Time disparity sensitive behavior and its neural substrates of a pulse-type gymnotiform electric fish, Brachyhypopomus gauderio

Roles of the time coding electrosensory system in the novelty responses of a pulse-type gymnotiform electric fish, Brachyhypopomus, were examined behaviorally, physiologically, and anatomically. Brachyhypopomus responded with the novelty responses to small changes (100 mu s) in time difference between electrosensory stimulus pulses applied to different parts of the body, as long as these pulses were given within a time period of similar to 500 mu s. Physiological recording revealed neurons in the hindbrain and midbrain that fire action potentials time-locked to stimulus pulses with short latency (500-900 mu s).
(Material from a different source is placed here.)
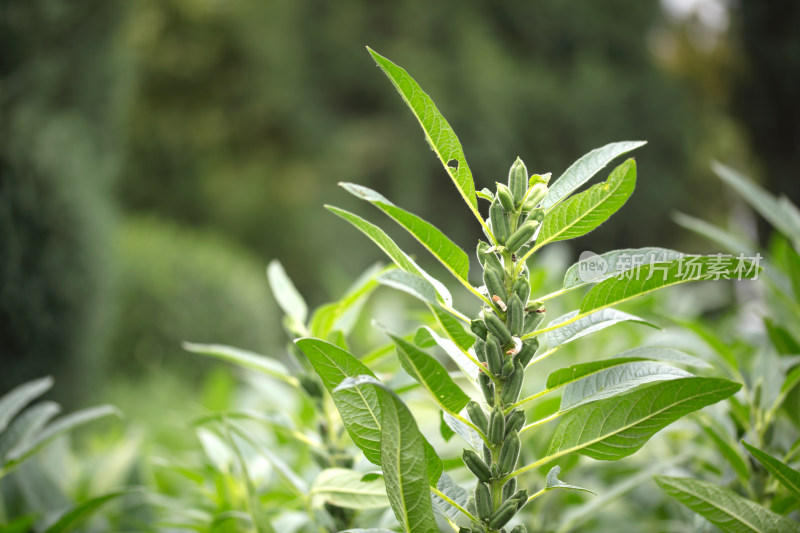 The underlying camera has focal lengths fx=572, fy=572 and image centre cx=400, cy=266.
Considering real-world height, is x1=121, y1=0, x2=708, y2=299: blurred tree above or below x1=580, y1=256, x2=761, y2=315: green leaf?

These time-locked neurons, along with other types of neurons, were labeled with intracellular and extracellular marker injection techniques. Light and electron microscopy of the labeled materials revealed neural connectivity within the time coding system. Two types of time-locked neurons, the pear-shaped cells and the large cells converge onto the small cells in a hypertrophied structure, the mesencephalic magnocellular nucleus. The small cells receive a calyx synapse from a large cell at their somata and an input from a pear-shaped cell at the tip of their dendrites via synaptic islands. The small cells project to the torus semicircularis. We hypothesized that the time-locked neural signals conveyed by the pear-shaped cells and the large cells are decoded by the small cells for detection of time shifts occurring across body areas.